Recursive dupes

Discussion related to "Everything" 1.5 Alpha.
Post Reply
anmac1789
Posts: 668
Joined: Mon Aug 24, 2020 1:16 pm

Recursive dupes

Post by anmac1789 »

Is there a way to do recursive duplicate searching ? For example, I want to find all duplicates, by comparing custom columns, comparing 2 folders like this

C:\folder1\subfolder1-1\subfolder1-2
D:\folder1\testing folders\subfolder1-1\subfolder1-2

lets say folder1\ in C:\ and D:\ matches but subfolder1-1\ in C:\folder1\ and D:\folder1\testing folders doesn't match then how can I ensure that I don't delete folder1\ in either volumes not knowing that everything below it doesn't match ?
raccoon
Posts: 1017
Joined: Thu Oct 18, 2018 1:24 am

Re: Recursive dupes

Post by raccoon »

What we need is an easy way to produce a column that shows relative paths below the starting directories of A and B that are being compared for dupes. I cannot think of an easy means to do this yet.

Everything does have a Fullpath column, and also a way to turn on fullpaths under the Name column, but no convenient way to snip off the D:\Backup2005\ and the Z:\Backup2009\ prefixes so that the remainder relative paths can be name-duped against each other. You would have to perform some string manipulation for each scenario in order to design such a col1 or regmatch1 column yourself.
anmac1789
Posts: 668
Joined: Mon Aug 24, 2020 1:16 pm

Re: Recursive dupes

Post by anmac1789 »

raccoon wrote: Sat Feb 11, 2023 3:25 am What we need is an easy way to produce a column that shows relative paths below the starting directories of A and B that are being compared for dupes. I cannot think of an easy means to do this yet.

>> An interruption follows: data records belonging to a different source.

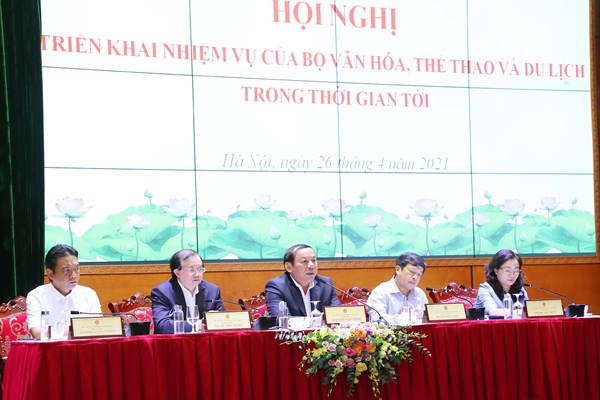 Triển khai nhiệm vụ của Bộ VHTTDL, Bộ trưởng Nguyễn Văn Hùng: Quyết liệt hành động, khát vọng cống hiến - Anh 1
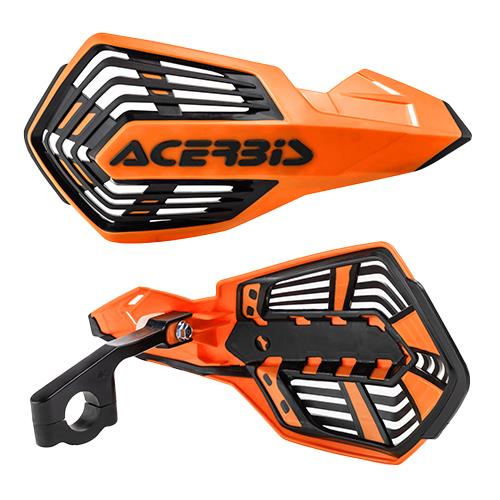 Acerbis X-Future Vented MX Handguards Orange White Husqvarna TE 410 1997 - 2005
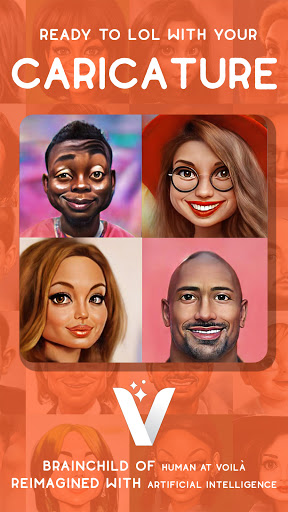 Voilà AI Artist - صورة لمحرر Cartoon Face Art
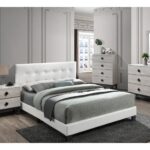 Eminence Vegan Leather Platform Bed - Chic Decora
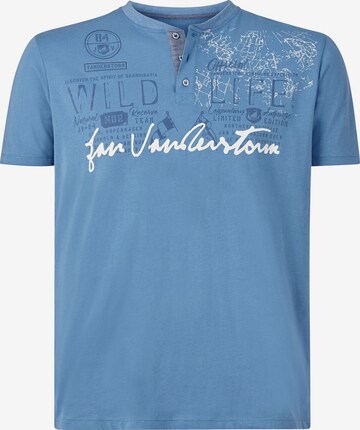 Jan Vanderstorm T-Shirt ' Reidar ' in Blau: predná strana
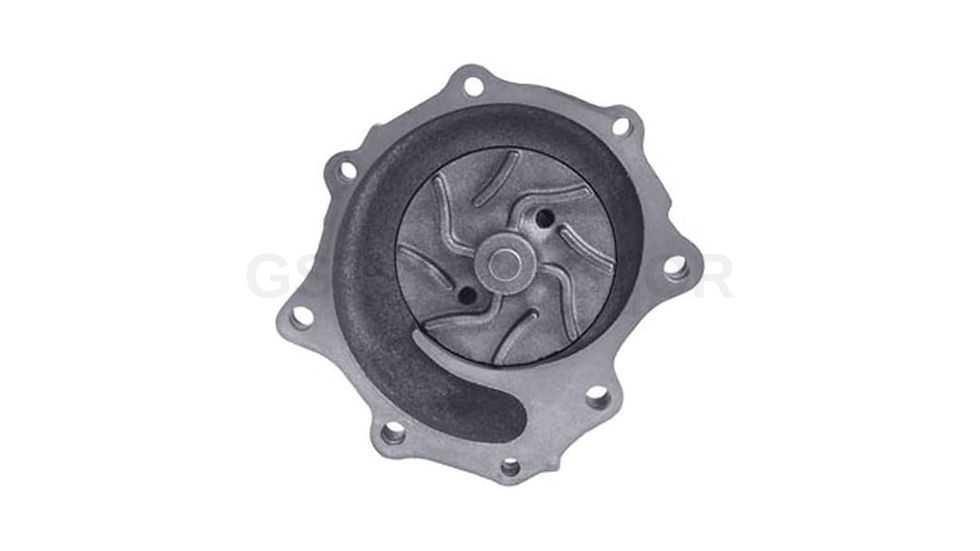 Thumbnail: W.PUMP LESS BACK PLATE SINGLE PULLEY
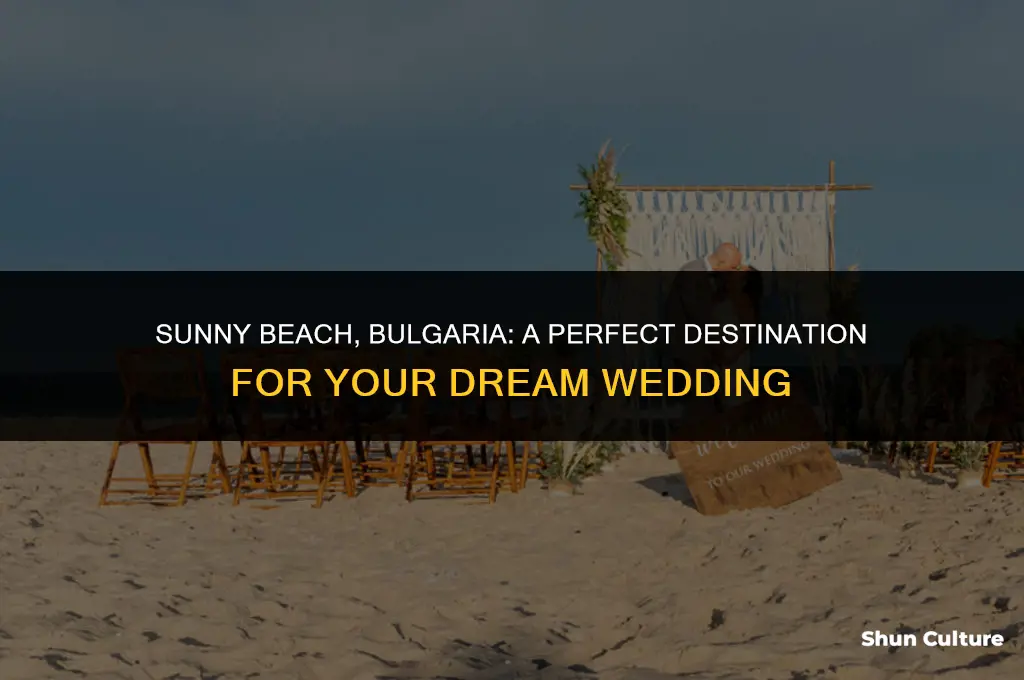 can you get married in sunny beach bulgaria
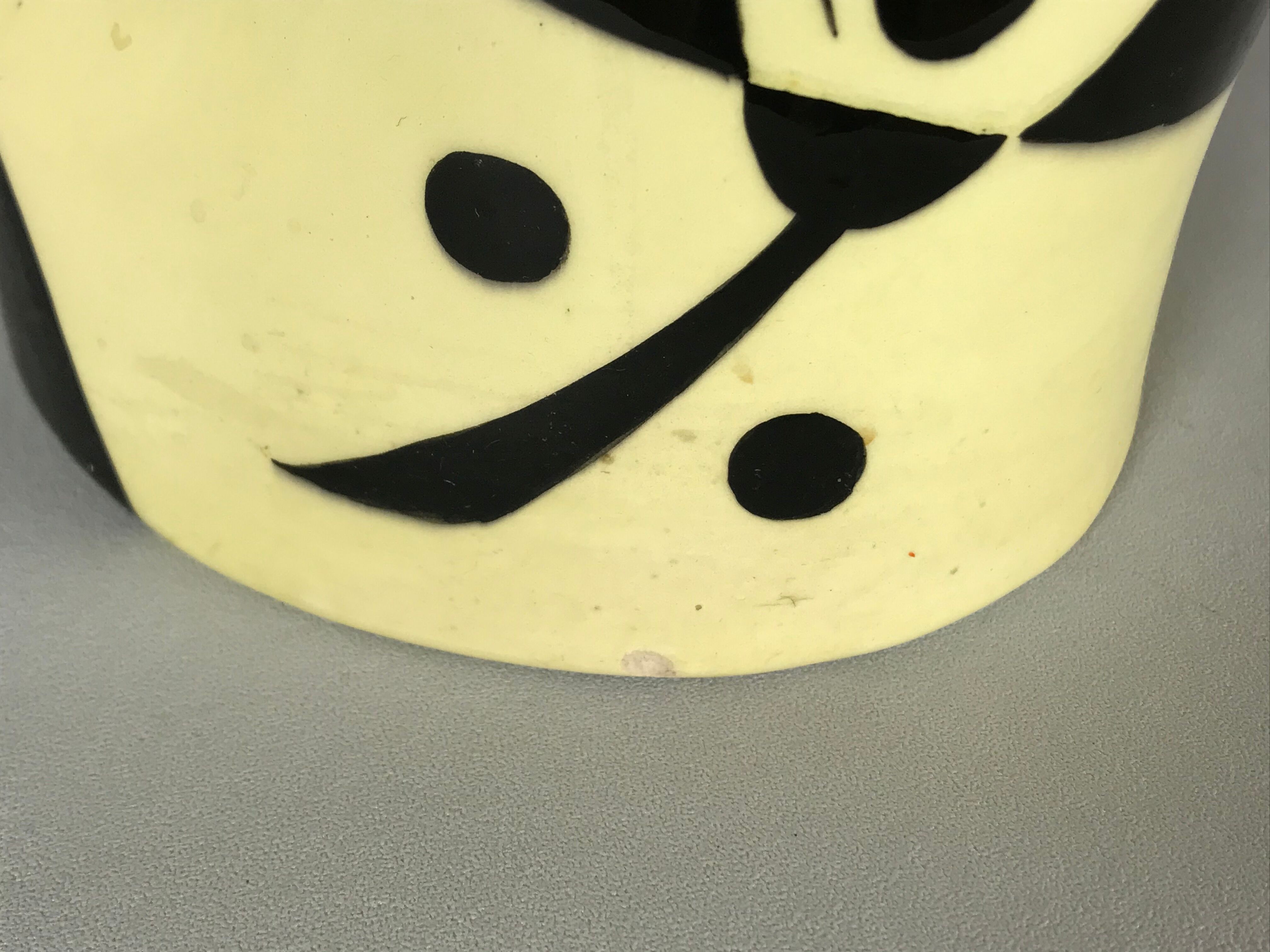 PICHET (GRAND MODELE) IN CERAMIC YEARS 50 A DECOR D HIRONDELLES 36.5 CM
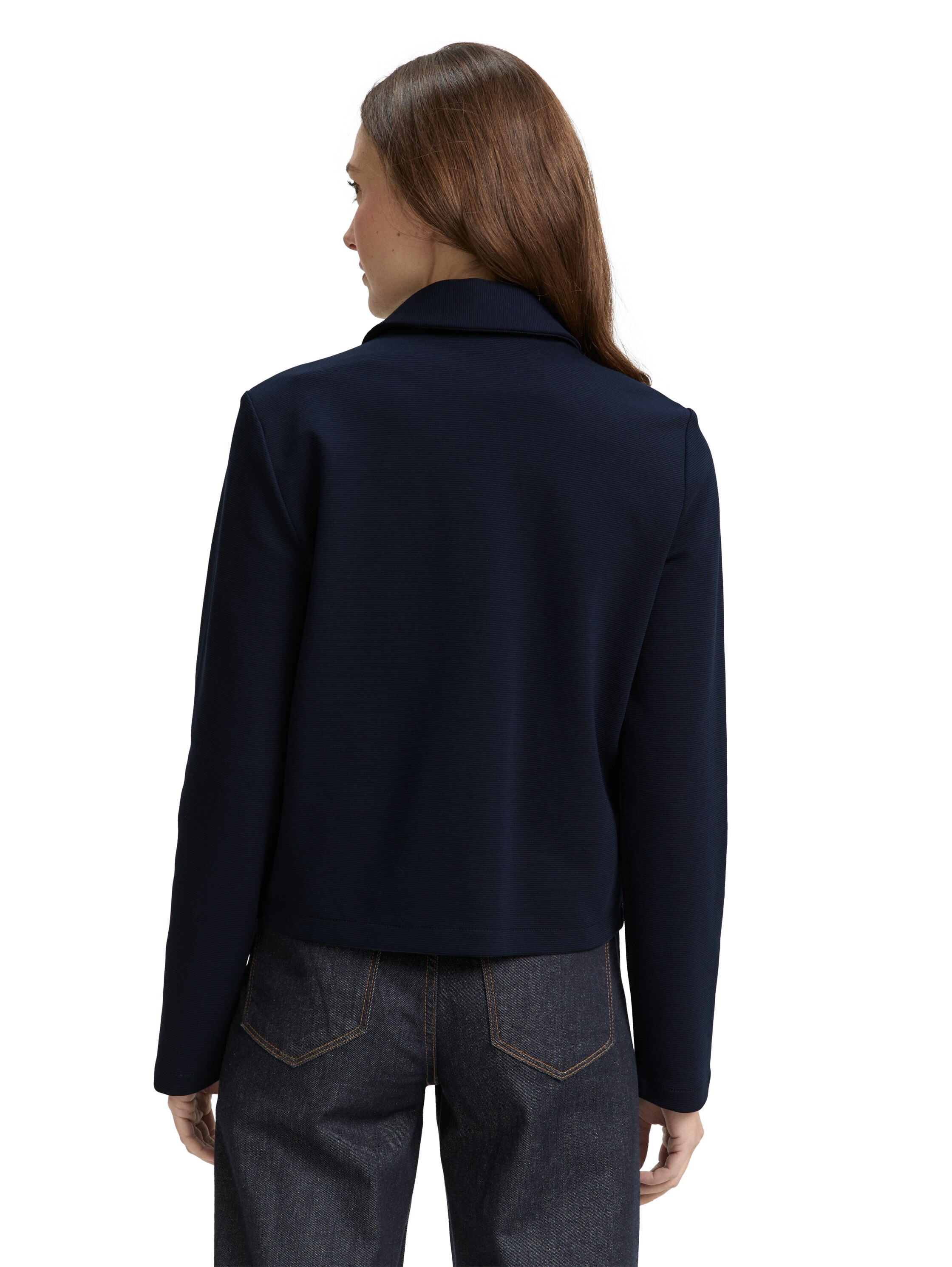 TOM TAILOR Jackenblazer, mit Kragen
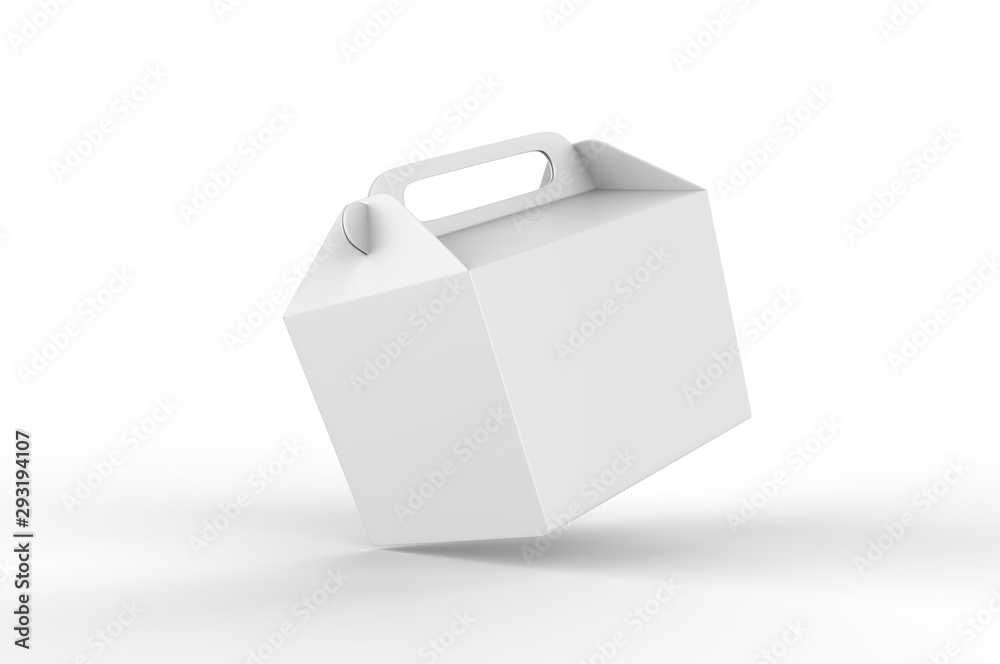Realistic take away food box mock up set isolated on white background 3d render illustration. Realistic take away food box mock up set isolated on white background 3d render illustration.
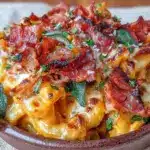 creamy pumpkin sage baked ziti - featured image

Everything does have a Fullpath column, and also a way to turn on fullpaths under the Name column, but no convenient way to snip off the D:\Backup2005\ and the Z:\Backup2009\ prefixes so that the remainder relative paths can be name-duped against each other. You would have to perform some string manipulation for each scenario in order to design such a col1 or regmatch1 column yourself.
I think a better approach would be if then else statement used in a search syntax...

Another idea I have is to use something like viceversa pro does...its like a folder comparison...but it lacks an organized view of dates and times but it places a red dot on either side of a folder compare to view which is older/newer...this only works for files as their company is reluctant for updates ...maybe you could perhaps incorporate some of their leverage in terms of comparing folders/files? Their website is: https://www.tgrmn.com/?camp=goog_cmt&gc ... gJB1fD_BwE

Another prospect is to have a folder tree view together with custom columns? You already have a folders view to begin with..
void
Developer
Posts: 16672
Joined: Fri Oct 16, 2009 11:31 pm

Re: Recursive dupes

Post by void »

How large are the folders?

Would calculating the sha256 sum of a folder be useful?
Calculate the sha256 sum of just content or filenames and content? or an option to choose?

I have a compare folders feature in the works (has been on my TODO list for a long time)
Check Tools -> Compare Folders for an idea of how this might work..
The plan is to be able to compare two folders from either the index, a folder from disk or a file list.
anmac1789
Posts: 668
Joined: Mon Aug 24, 2020 1:16 pm

Re: Recursive dupes

Post by anmac1789 »

void wrote: Fri Feb 17, 2023 4:55 am How large are the folders?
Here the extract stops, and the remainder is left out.